Bangkit setelah Kebakaran

Bangkit setelah Kebakaran

Surabaya punya segudang anak muda kreatif yang bermental baja. Sebagian mampu menjalankan bisnis hingga diakui di tingkat internasional. Seperti Agung Dwi Kurnianto. Satu dari lima pendiri Revolt Industry.

Usianya baru 32 tahun. Lewat bisnis yang dijalankan lewat perusahaan yang bergerak dalam penyediaan aksesori berbahan kulit, baik asli maupun sintetis, ia punya puluhan pegawai, sekarang.

Mengusung bendera Revolt Industry dengan modal awal sekitar Rp50 juta, Agung dan teman-temannya terjun mengolah kulit sejak 2014. Bisnis yang diawali karena Agung banting stir setelah menekuni dunia fotografi.

Saat itu pengetahuannya masih nol besar. Karyawan hanya lima orang. ”Dulu tak semua kami produksi sendiri. Ada mitra. Kami mendesain lalu dikerjakan orang lain,” katanya.

Belajar dengan melihat tutorial dari YouTube dan relasi-relasi, Agung meningkatkan kualitas dan penetrasi produknya. Berbagai produk andalan mulai dompet, ID card holder, tas, hingga jaket, dibuat hanya dengan bahan kulit sapi Jawa.

Selama menjalankan Revolt Industry, Agung Dwi Kurnianto (kiri) dan rekan-rekannya selalu optimistis. Industri kulit di tanah air terbilang kekal. Sebab bahan bakunya akan selalu ada.

”Ternyata kulit terbaik di dunia itu ada di Indonesia lho. Banyak pabrik-pabrik penghasil kulit dari Indonesia ekspor produknya ke mancanegara, kemudian diberi label, lalu balik lagi ke Indonesia,” katanya.

”Anehnya dengan harga bisa melambung 8-10 kali lipat dari harga aslinya. Padahal pada dasarnya itu produk Indonesia,” lanjut pria penghobi motor chopper itu.

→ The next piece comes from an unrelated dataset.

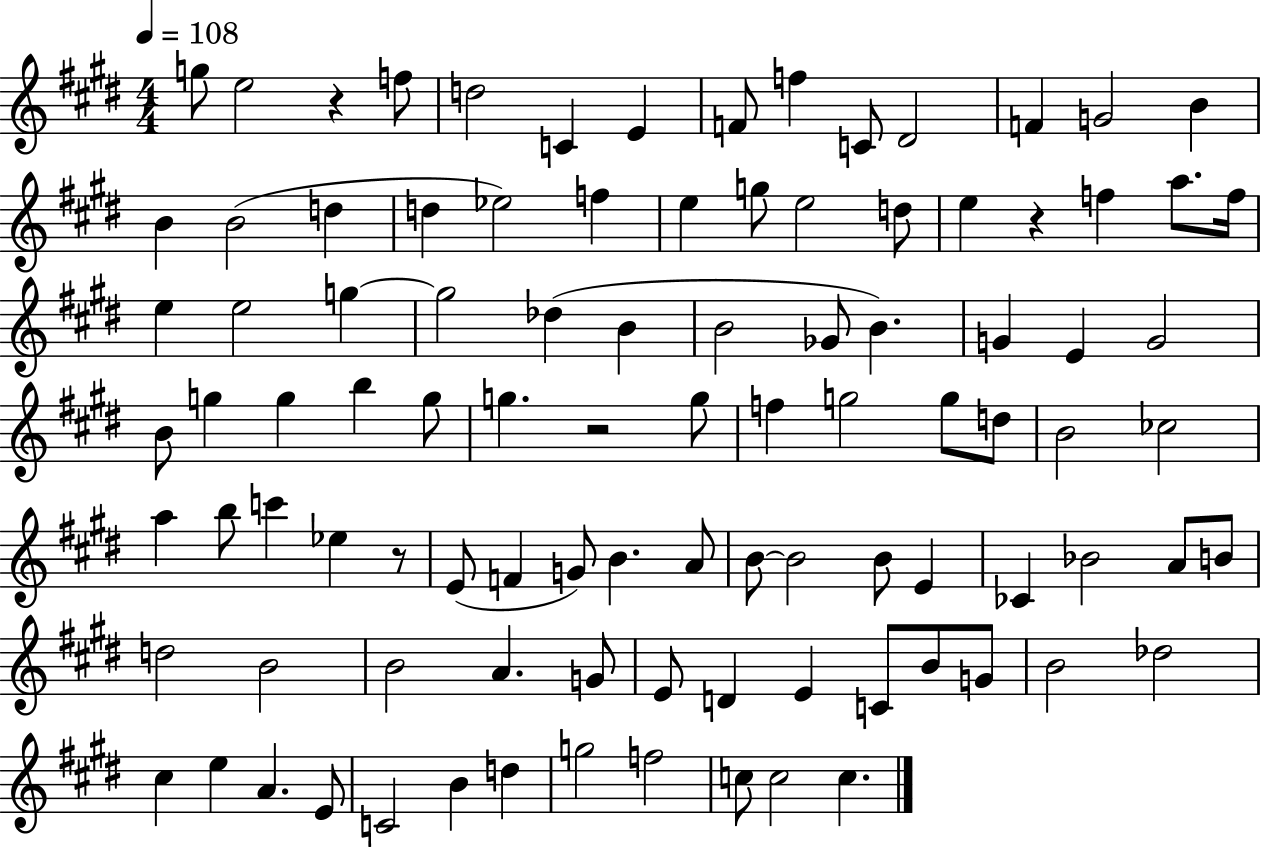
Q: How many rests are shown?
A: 4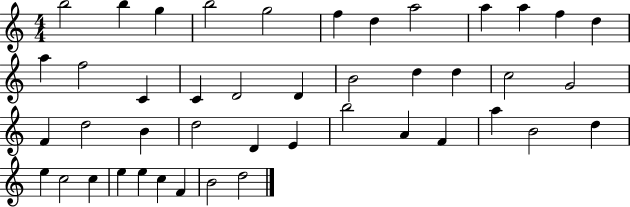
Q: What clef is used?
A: treble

Namun Agung optimistis. Industri kulit di tanah air terbilang kekal. Sebab bahan bakunya akan selalu ada karena masyarakat Indonesia gemar makan daging sapi.

Untuk merebut konsumen, Revolt Industry mengolah produknya hanya dengan mengandalkan tangan pengrajin alias hand made. Mulai olahan awal, pelukisan di medium kulit, hingga ke jahitan demi jahitan. Kecuali untuk produk-produk besar seperti tas dan jaket yang membutuhkan bantuan mesin.

Revolt Industry pernah hampir bangkrut pada 2016. Saat baru menginjak satu tahun. Setelah bengkel atau garasi kerja terbakar habis. Rancangan desain, pesanan konsumen hingga bahan baku semua ludes.

Revolt Industry harus vakum selama sebulan. Tak ada modal untuk melanjutkan.  ”Saya dan teman-teman hampir putus harapan buat melanjutkan bisnis,” papar ayah dari seorang anak itu.

”Karena sudah jadi passion, sudah jadi abu pun pasti bisa bangkit lagi. Meskipun kebangkitan itu tak serta-merta mudah,” sambungnya, lagi.

Namun Agung menyadari kalau bisnis kulit di tanah air sangat ramai pelaku. Apalagi hasil serta kualitas produknya tidak jauh berbeda. Ini jadi tantangan tersendiri agar bisa kembali menancapkan taji.